そういう語り合う機会があって、ほかの人たちと「解決するにはどうすればいいか」というディスカッションが生まれて、じゃあ政治的にはどうしたらいいのか、と段階を踏んで変化に至るものなんじゃないだろうか。個人→身近な人→もっと多くの人→社会→政治、政治が変わるのは一番最後なのでは。「投票しようよ」だけ言って投票率を上げようとするのはこの最後の段階にいきなり働きかけるという感じがします。まずは個人レベルで意見を表明するのが第一歩なのではないかと思いました。空に叫んでいる感じで虚しくもなるけど、それすらしなかったら無抵抗に、望まない流れに流されているだけになってしまう。

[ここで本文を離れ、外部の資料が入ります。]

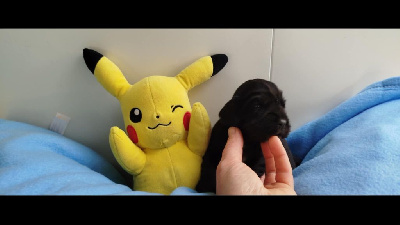CHIOT 4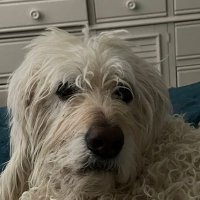 Cathy (@itscathync) 's Twitter Profile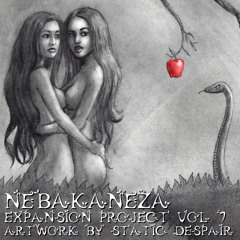 Expansion Project Vol. 7 (2Step/Garage/Brokenbeat/Breaks)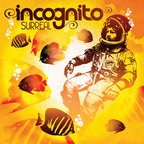 Goodbye To Yesterday - incogni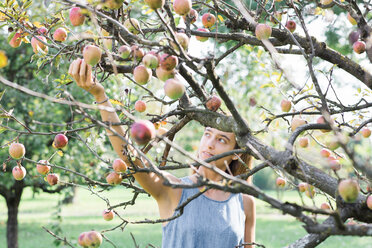 Frau pflückt Äpfel vom Baum - CUF46829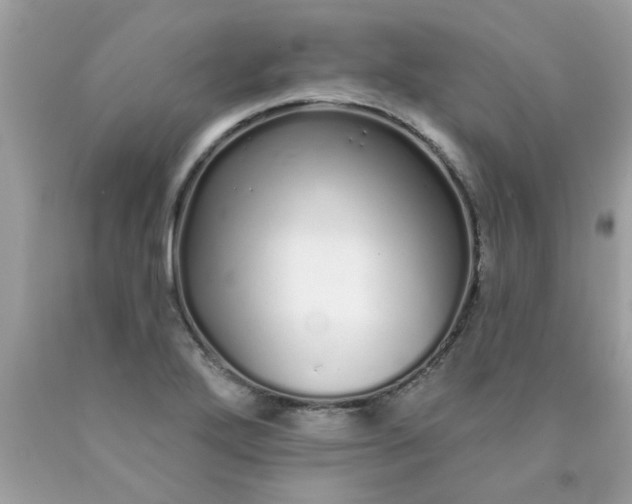 X0000090501272200707272354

民主主義は、選挙のときだけではなくて、日常から常に実践するものだと思います。主権者である國民の一人一人が日々積み上げていくもの。私もその一人として自分のできることを最大限やっていこうと思いました。そのほうが後悔が少なくて済む。5カ月も放置してしまったけど、また不定期ですが、書いていこうと思います。疲れたらたぶんまた休みますが…細く長く続けていけるように、またほどよいペースで書かせてください。